Soo Line used six axle RSC2s in the Dakotas due to light rail. Milwaukee special-ordered six axle SDL39s from EMD in the late 1960s for light rail in Wisconsin where RSC2s had been the normal power. Soo Line's Wisconsin Central used an RSC3 and a very lightweight SD9 in Wisconsin for the same reason.
  by jwhite07
 
Probably the Milwaukee Road's SDL39 locos? Ten built, I think nine still exist but were sold to a railroad in Chile. Long way from New Hampshire.

It is hoped that CSX will pay adequate attention to the line's upkeep, at least enough to prevent the constant derailments. Sure, maintenance costs money, but so do derailments.
  by Allouette
 
At a time when most of the B&M system allowed 263,000 lb. cars, the Hillsboro branch had the same limit. There was a locomotive restriction, with only one class allowed. I think the limit had more to do with bridge restrictions than rail weight. The only locomotives listed with tonnage ratings were small Alco switchers.
  by hillsboyro
 
According to @n_scale_nh on Instagram MEC 509 has just left Nashua to bring supplies to save MEC 503.
  by Douglasphil
 
I wonder what that is about ? Normal procedure for CSX would be to send a truck from Mechanical and a fuel truck from their local supplier. The photos make it look like trucks can pull alongside . Possible that crew is just going to tie on a drag the whole thing back home ?
  by CPF363
 
Please re-point thread back to discussing track, yard and terminal improvements made by CSX across former Pan Am routes.
  by johnpbarlow
 
In a Progressive Railroading article of 2/14/23, ZIM Shipping Lines is reported to be doubling its "Baltimore Express" frequency to Port of Baltimore to weekly by the end of February and will also be increasing the capacity of ships calling on the port by 50%. Relevance to CSX upgrade of Pan Am infrastructure is this excerpt:
The port's rising container business will be further buoyed by an expansion of the CSX-owned Howard Street Tunnel in Baltimore, which is underway and scheduled to be completed in 2025, port officials said.

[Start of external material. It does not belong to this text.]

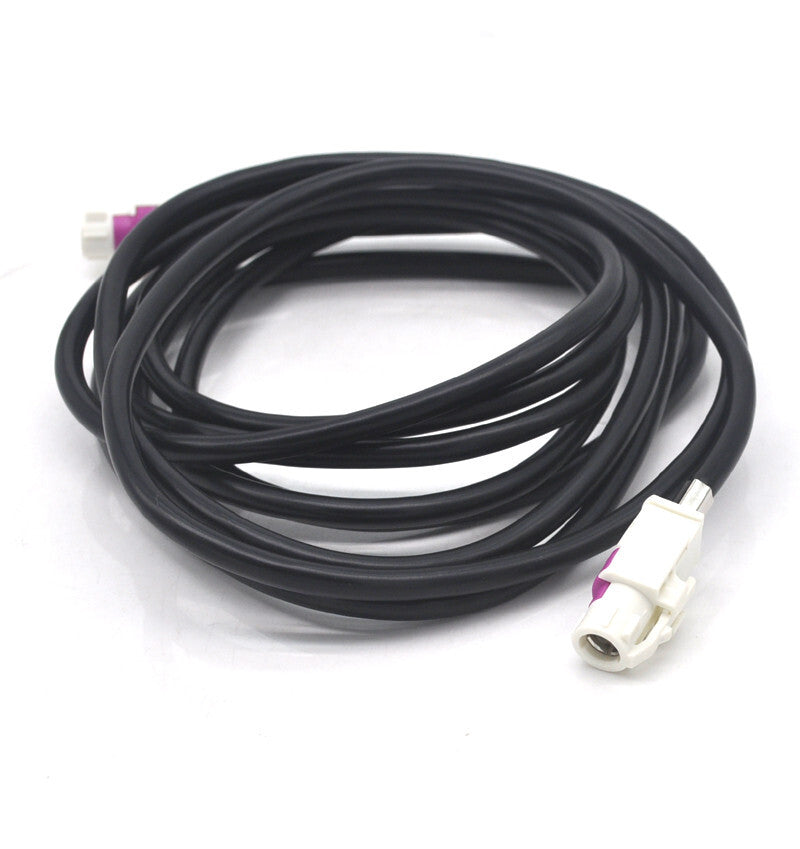 USB Hub EXTENTION CONNECTION WIRE CABLE 2.5m for BMW E90 E91 E92 E93 E87 E82 E84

The expanded tunnel will accommodate double-stacked container rail cars traveling to and from the port, clearing a longtime hurdle and providing the East Coast with seamless double-stack capacity from Maine to Florida, as well as the ability to send double-stacked containers by rail into the Ohio Valley and on to Chicago.
https://www.progressiverailroading.com/ ... ort--68592
  by QB 52.32
 
Appears to be a mistake since it's 17'0" ATR east of Ayer, not good for any kind of doublestacked containers, and no indication on the radar of necessary public or CSX funding to bring the overhead clearance up a substantial additional 3'02", certainly not by 2025. Maybe north of Maryland when it comes to Maine or Massachusetts it's all the same!?
  by MEC407
 
. . .clearing a longtime hurdle and providing the East Coast with seamless double-stack capacity from Maine to Florida . . .

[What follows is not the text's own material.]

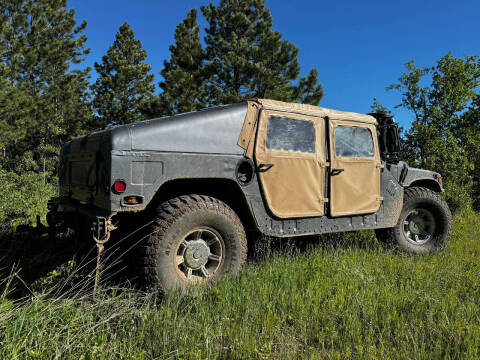 2005 AM General HMMWV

Clearing a hurdle, not all of the hurdles. Perhaps they meant to write "in" in place of "and."
  by CN9634
 
The intermodal service territory of Maine is covered by the Worcester ramp so it’s accurate… Maine to Florida means the i95 corridor so it’s sort of a buzz point more than anything
  by fromway
 
Not claiming to know much about railroading, but if there is a clearance problem then it will mean that everything picked up at the Keag from Saint John will have to be single stack. That is not a great marketing feature because it will add more expense on tothe shipper.